• EXERCISE
Taking the entries below, transcribe only the lines starting with the one with "Reserverat säte för" and going on through the one with "10k Gold Filled", exactly as written, without the pictures.

*** SOURCE RECORDS ***

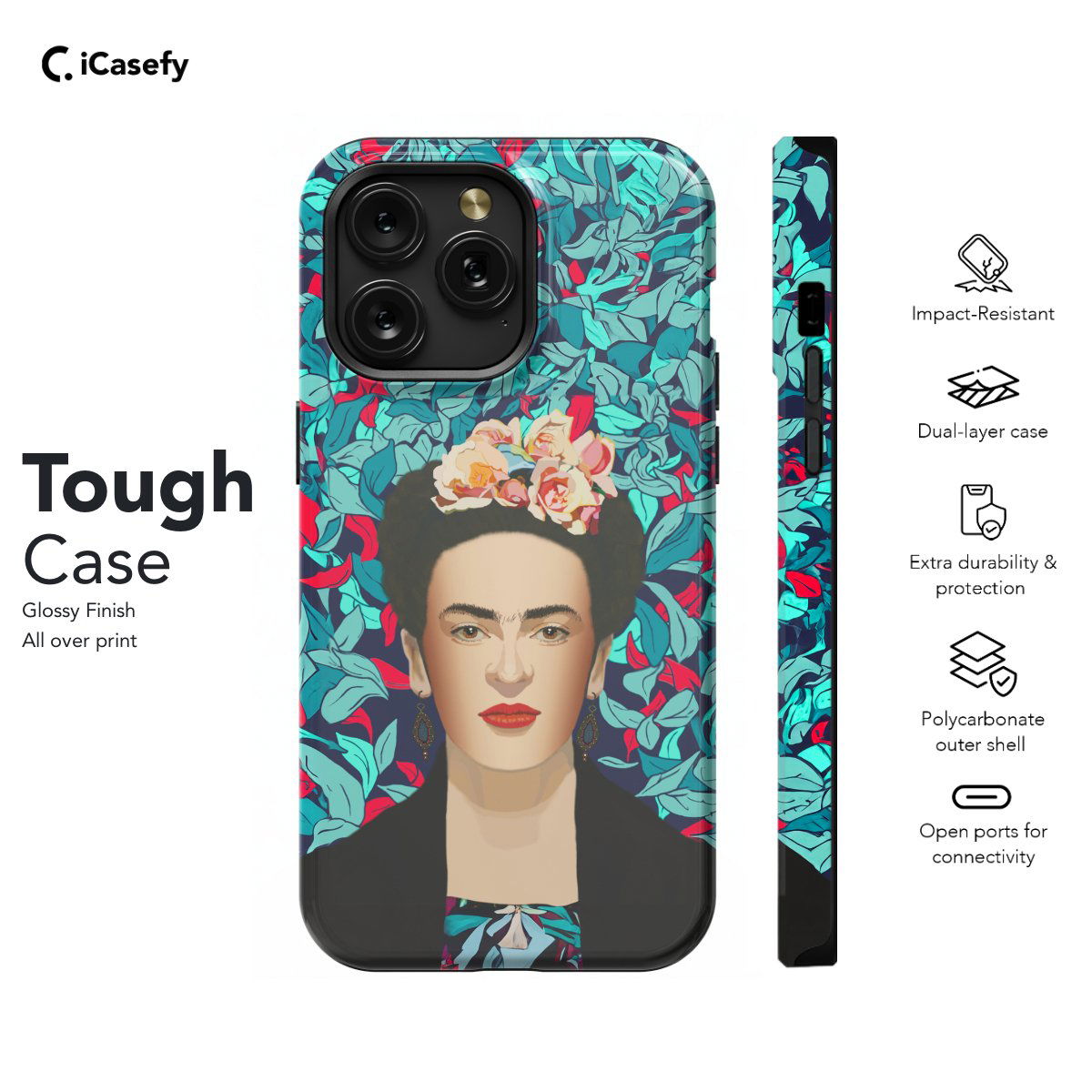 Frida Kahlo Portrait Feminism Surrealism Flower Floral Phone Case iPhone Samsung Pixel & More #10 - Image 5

*** End of SOURCE RECORDS ***
*** SOURCE RECORDS ***

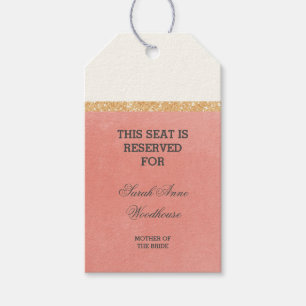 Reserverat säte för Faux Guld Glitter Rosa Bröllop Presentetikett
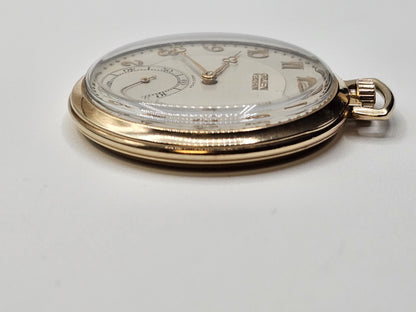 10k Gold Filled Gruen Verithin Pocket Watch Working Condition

*** End of SOURCE RECORDS ***

• ANSWER FOR THIS EXERCISE
 Reserverat säte för Faux Guld Glitter Rosa Bröllop Presentetikett
 10k Gold Filled Gruen Verithin Pocket Watch Working Condition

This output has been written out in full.